Both bullets start with the same vertical velocity: zero. And both are subject to the same vertical force: gravity. Therefore, both bullets will accelerate downwards at 9.8m/s2 and will cover the vertical distance to the ground in the exact same amount of time. The only difference is that the fired bullet will have traveled a long way horizontally (perhaps two miles) in the few seconds it took to fall.

7. Myth: Old Church Windows are Thicker at the Bottom Because Glass is a Liquid

Visit an old medieval cathedral and you may hear a tour guide say that the wavy, often-thicker-at-the-bottom glass is proof that glass is a “supercooled liquid.” The theory is that, over centuries, the glass has slowly “flowed” or “slumped” downhill under its own weight.

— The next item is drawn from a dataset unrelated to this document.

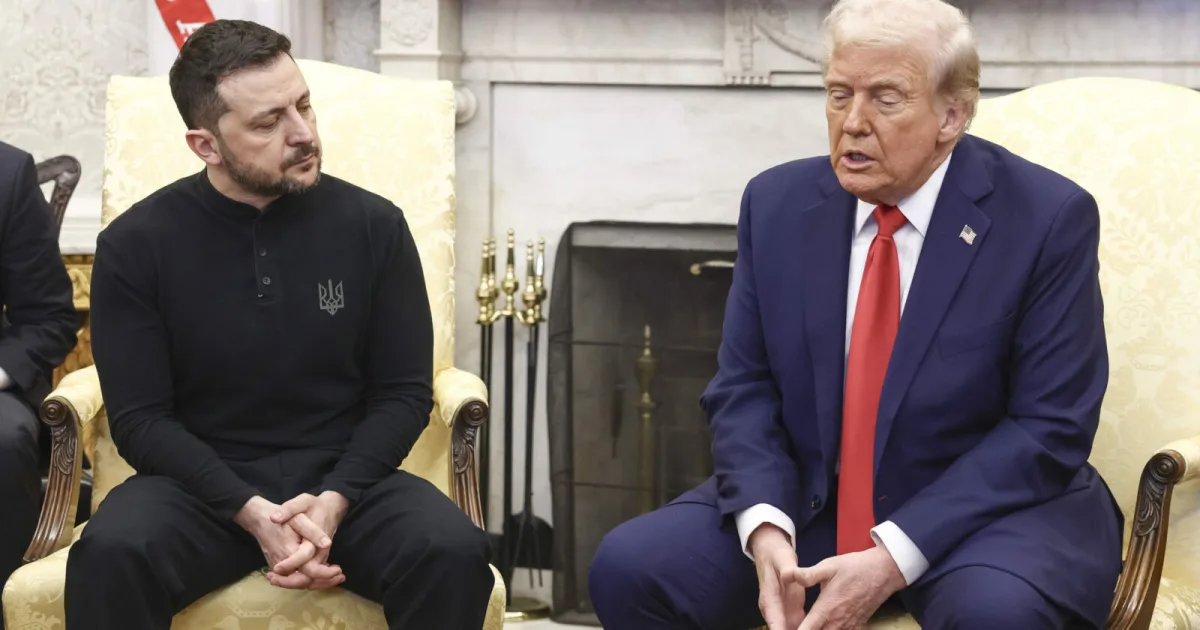 Trump presează pentru semnarea acordului de pace în decembrie, la clubul său de golf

How We Know It’S Wrong: This is a wonderfully romantic myth, but it’s not true. Glass is an amorphous solid. Its atoms are “frozen” in a disordered, liquid-like arrangement, but they are frozen. At room temperature, the molecules in glass are locked in place. Calculations have shown that it would take billions of years (longer than the age of the Earth itself) for glass to “flow” in any meaningful way.

So why are those windows thicker at the bottom? The answer is manufacturing. In medieval times, creating perfectly flat, uniform panes of glass (a process we only perfected in the 20th century) was impossible. The glass was spun or blown, resulting in imperfect, wavy panes that were always thicker in some spots than others. When it came time to install the pane in the window (a process called glazing), the glazier would, for simple stability, logically put the thickest, heaviest end at the bottom of the frame. We’re just mistaking an ancient manufacturing quirk for a sign of modern physics.

8. Myth: You “Let the Cold In” When You Open a Window

On a winter day, your mom was right to tell you to shut the door, but her physics was slightly off. We feel the “cold” seeping in. It feels like a “thing,” like fog or water, that is invading our warm room.

How We Know It’s Wrong: “Cold” does not exist as an independent “thing.” There is only heat, which is a measure of the kinetic energy (vibration) of molecules. “Cold” is simply the absence of heat.

This is just like how “darkness” is not a “thing”; it’s the absence of light. You can’t fill a room with “dark”; you can only remove the light. In the same way, when you open a window in winter, you are not “letting the cold in.” You are letting the heat out. According to the Second Law of Thermodynamics, heat always flows from a high-energy area (your warm house) to a low-energy area (the cold outside). The “cold” you feel is just the sensation of your body’s heat being rapidly transferred out into the environment.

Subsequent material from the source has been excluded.